_Brief_. The task requires repeating, word for word, the lines from the one with "May include: A" through the end of the material, leaving out all pictures.

_Supplied records_.
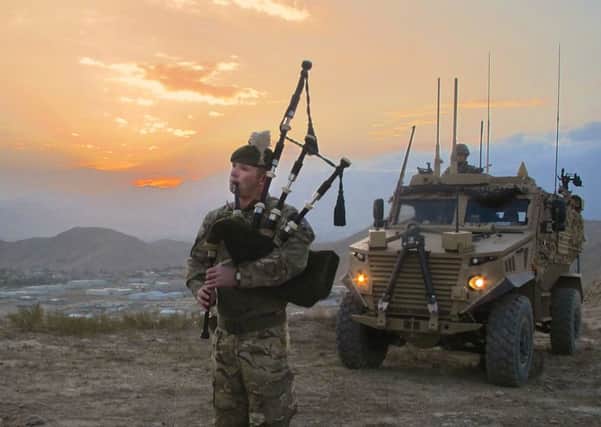 Corporal Kevin Glover from Palnackie, Dumfries and Galloway, piping to celebrate St Andrews Day outside Camp Qargha in Afghanistan. Picture: Contributed
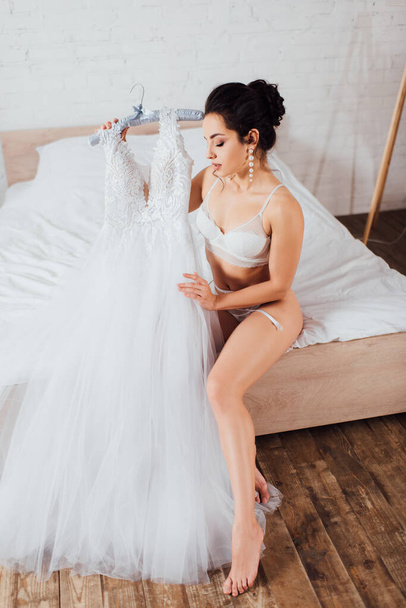 Brunette bride in lace bra touching wedding dress on hanger in bedroom - Фото, изображение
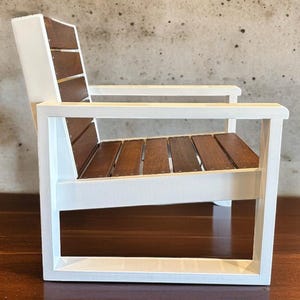 May include: A small, white wooden chair with a slatted seat and backrest made of brown wood. The chair has a simple, modern design and is suitable for indoor or outdoor use.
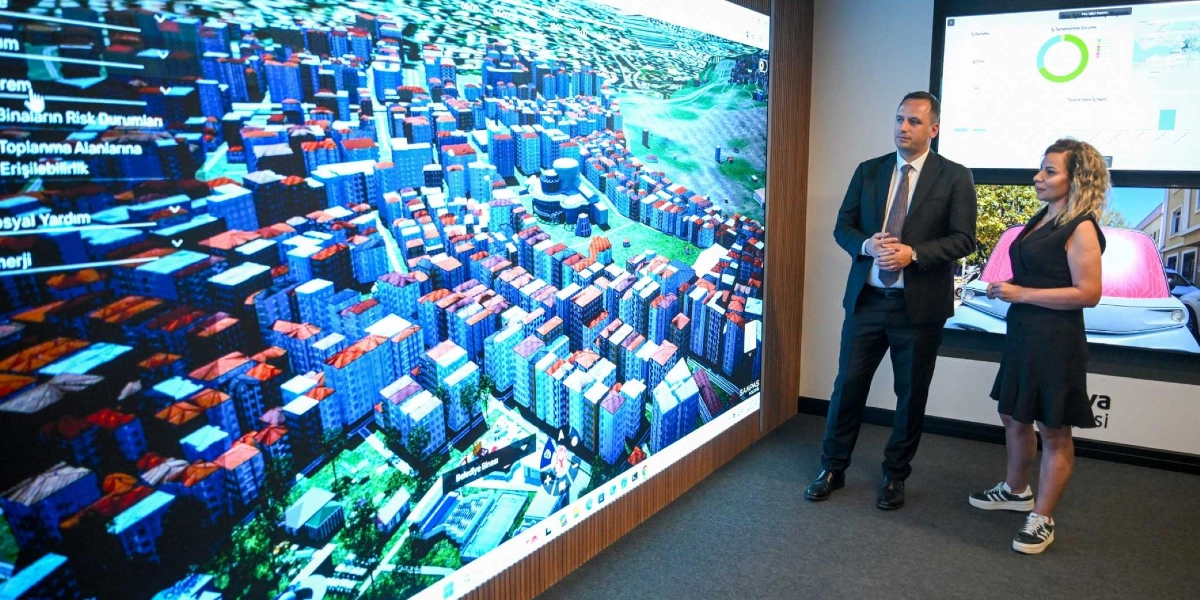 Takım elbiseli bir erkek ve siyah elbiseli bir kadın, Bornova'nın dijital üç boyutlu şehir modelinin yansıtıldığı dev bir ekranın önünde duruyor. Ekranda binaların risk durumları, toplanma alanları ve sosyal yardım gibi verilerin yer aldığı bir arayüz ile kuş bakışı bir şehir planı görülüyor. Yan taraftaki daha küçük bir ekranda ise çeşitli grafikler ve veriler yer alıyor.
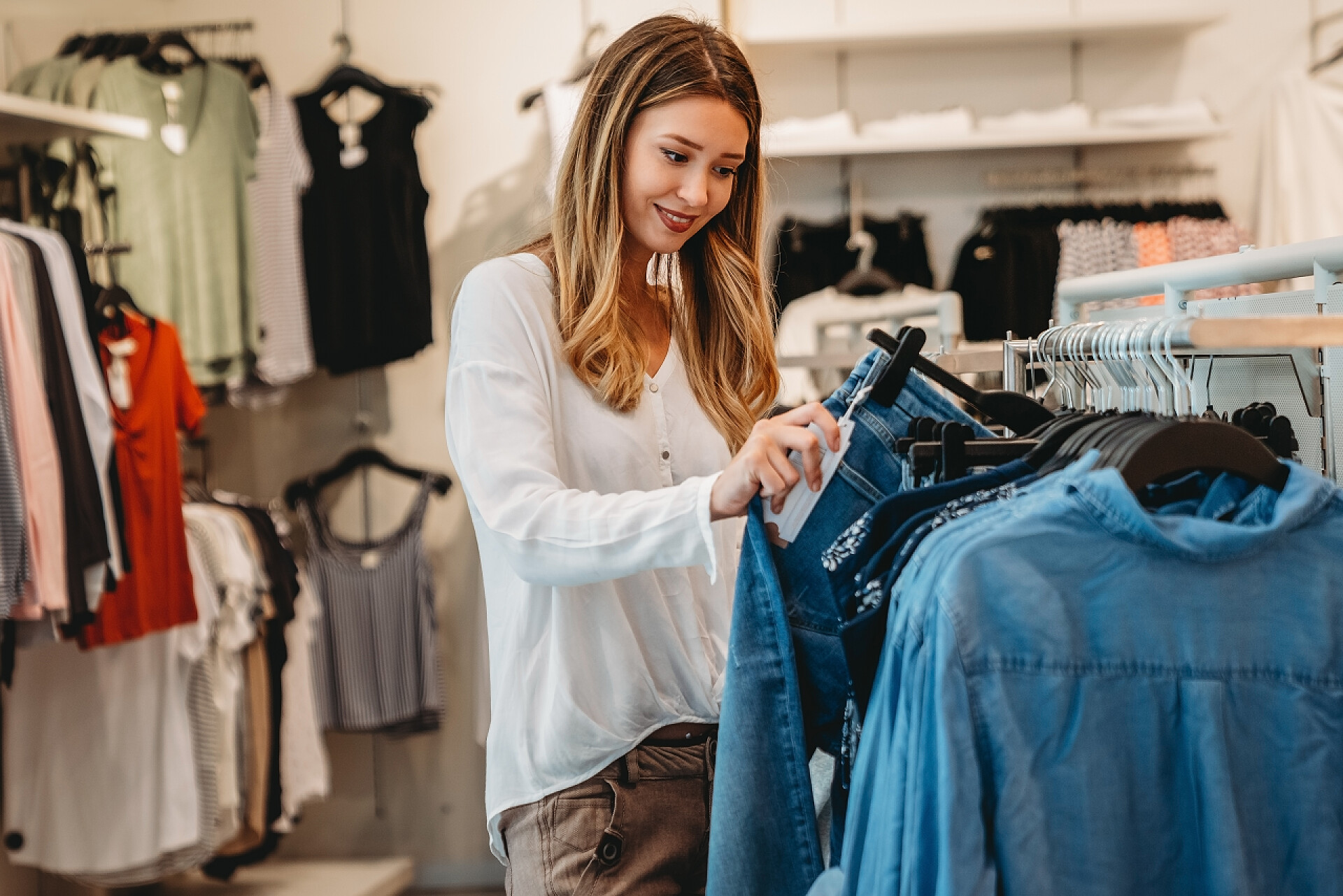 一个年轻美丽的女人在服装店里挑选衣服的场景逛商场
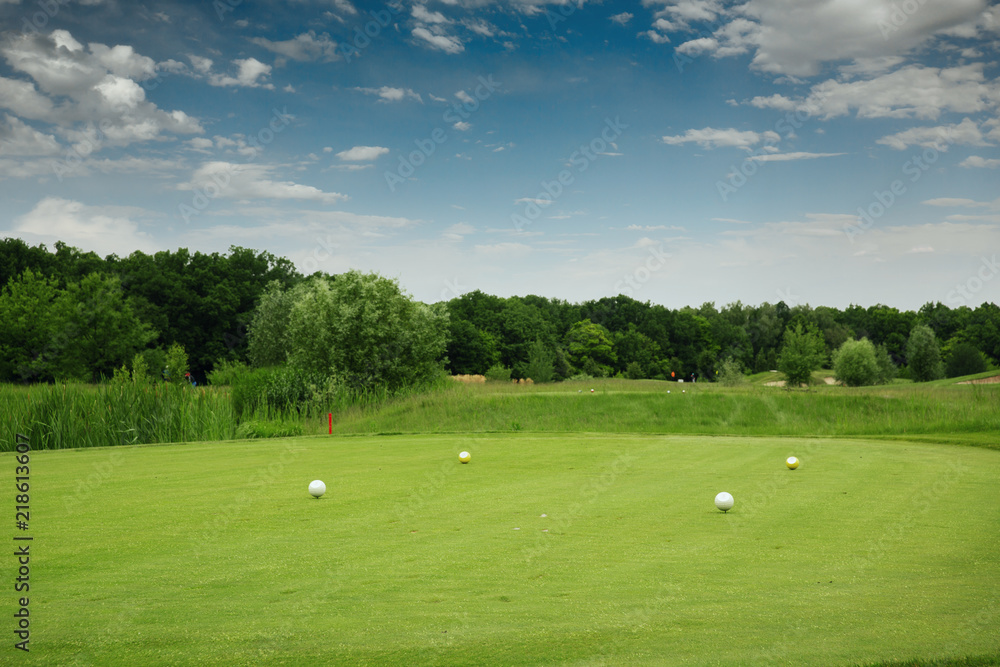 Four color balls on golf course, launching pad Four color balls on golf course, launching pad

_Written solution_.
 May include: A small, white wooden chair with a slatted seat and backrest made of brown wood. The chair has a simple, modern design and is suitable for indoor or outdoor use.
 Takım elbiseli bir erkek ve siyah elbiseli bir kadın, Bornova'nın dijital üç boyutlu şehir modelinin yansıtıldığı dev bir ekranın önünde duruyor. Ekranda binaların risk durumları, toplanma alanları ve sosyal yardım gibi verilerin yer aldığı bir arayüz ile kuş bakışı bir şehir planı görülüyor. Yan taraftaki daha küçük bir ekranda ise çeşitli grafikler ve veriler yer alıyor.
 一个年轻美丽的女人在服装店里挑选衣服的场景逛商场
 Four color balls on golf course, launching pad Four color balls on golf course, launching pad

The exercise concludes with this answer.